• WHAT YOU ARE ASKED TO DO: Please give back, word for word, each line from the start of the entries through the one in which "So first I'm" is found.

PROVIDED DATA START

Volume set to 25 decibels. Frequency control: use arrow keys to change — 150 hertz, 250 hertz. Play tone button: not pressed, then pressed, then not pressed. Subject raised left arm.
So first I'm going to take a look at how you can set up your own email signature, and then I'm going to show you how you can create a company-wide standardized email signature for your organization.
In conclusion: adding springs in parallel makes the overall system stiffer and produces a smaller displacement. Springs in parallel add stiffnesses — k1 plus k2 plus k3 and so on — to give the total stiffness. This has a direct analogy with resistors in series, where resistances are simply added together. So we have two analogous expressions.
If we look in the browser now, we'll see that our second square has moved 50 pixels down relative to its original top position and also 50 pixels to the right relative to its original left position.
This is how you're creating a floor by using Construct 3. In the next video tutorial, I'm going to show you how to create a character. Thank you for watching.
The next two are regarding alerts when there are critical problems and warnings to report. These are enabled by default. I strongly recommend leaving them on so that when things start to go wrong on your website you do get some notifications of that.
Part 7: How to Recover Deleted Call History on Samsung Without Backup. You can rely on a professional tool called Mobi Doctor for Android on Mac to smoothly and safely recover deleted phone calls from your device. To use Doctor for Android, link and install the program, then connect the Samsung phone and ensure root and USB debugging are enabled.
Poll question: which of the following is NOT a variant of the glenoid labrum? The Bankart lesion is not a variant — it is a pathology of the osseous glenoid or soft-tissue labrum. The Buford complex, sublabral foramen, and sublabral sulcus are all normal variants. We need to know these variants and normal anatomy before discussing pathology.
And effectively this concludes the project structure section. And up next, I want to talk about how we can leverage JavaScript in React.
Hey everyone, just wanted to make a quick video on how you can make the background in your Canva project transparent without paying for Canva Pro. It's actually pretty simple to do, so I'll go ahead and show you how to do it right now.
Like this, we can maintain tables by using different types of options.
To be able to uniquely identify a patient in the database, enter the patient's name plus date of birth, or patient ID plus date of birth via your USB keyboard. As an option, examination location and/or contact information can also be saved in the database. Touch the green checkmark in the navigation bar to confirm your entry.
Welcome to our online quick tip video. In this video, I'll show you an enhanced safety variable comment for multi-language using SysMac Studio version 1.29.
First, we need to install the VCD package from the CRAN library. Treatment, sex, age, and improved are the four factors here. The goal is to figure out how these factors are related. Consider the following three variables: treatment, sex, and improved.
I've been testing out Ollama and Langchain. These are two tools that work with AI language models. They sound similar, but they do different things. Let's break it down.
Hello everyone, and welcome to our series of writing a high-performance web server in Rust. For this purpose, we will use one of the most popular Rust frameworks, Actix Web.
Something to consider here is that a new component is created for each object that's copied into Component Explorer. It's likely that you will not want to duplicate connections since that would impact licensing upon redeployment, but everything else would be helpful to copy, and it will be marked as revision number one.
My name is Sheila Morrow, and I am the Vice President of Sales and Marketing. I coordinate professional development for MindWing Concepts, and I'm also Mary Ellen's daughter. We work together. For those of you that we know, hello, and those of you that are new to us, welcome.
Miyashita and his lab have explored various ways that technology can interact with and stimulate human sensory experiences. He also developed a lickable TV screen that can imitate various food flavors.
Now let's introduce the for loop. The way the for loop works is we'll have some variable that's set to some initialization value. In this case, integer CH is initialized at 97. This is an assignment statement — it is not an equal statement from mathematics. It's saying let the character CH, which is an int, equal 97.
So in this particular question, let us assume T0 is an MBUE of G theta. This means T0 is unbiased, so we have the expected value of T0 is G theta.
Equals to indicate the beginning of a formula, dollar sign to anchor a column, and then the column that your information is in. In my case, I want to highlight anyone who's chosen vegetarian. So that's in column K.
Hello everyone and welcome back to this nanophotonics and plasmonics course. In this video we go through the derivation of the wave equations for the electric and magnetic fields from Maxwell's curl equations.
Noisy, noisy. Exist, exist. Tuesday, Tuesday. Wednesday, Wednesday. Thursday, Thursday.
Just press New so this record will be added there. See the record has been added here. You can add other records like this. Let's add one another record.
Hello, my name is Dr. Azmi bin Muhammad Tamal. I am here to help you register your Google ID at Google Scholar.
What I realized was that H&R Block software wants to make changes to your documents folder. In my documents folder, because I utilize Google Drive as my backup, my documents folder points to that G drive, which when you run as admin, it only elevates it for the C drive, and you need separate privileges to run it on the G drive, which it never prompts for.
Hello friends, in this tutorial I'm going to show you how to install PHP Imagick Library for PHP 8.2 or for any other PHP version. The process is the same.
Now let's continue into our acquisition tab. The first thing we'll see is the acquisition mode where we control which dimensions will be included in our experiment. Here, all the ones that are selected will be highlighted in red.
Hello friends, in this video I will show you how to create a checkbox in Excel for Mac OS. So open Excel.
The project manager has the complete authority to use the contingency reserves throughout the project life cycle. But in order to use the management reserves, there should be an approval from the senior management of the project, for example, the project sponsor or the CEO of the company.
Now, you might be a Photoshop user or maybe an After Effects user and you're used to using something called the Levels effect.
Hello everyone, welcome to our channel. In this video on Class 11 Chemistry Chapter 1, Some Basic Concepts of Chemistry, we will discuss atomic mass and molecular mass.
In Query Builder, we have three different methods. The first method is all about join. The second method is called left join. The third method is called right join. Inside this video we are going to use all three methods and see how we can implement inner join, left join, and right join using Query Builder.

PROVIDED DATA END

• THE COMPLETED TASK:
Volume set to 25 decibels. Frequency control: use arrow keys to change — 150 hertz, 250 hertz. Play tone button: not pressed, then pressed, then not pressed. Subject raised left arm.
So first I'm going to take a look at how you can set up your own email signature, and then I'm going to show you how you can create a company-wide standardized email signature for your organization.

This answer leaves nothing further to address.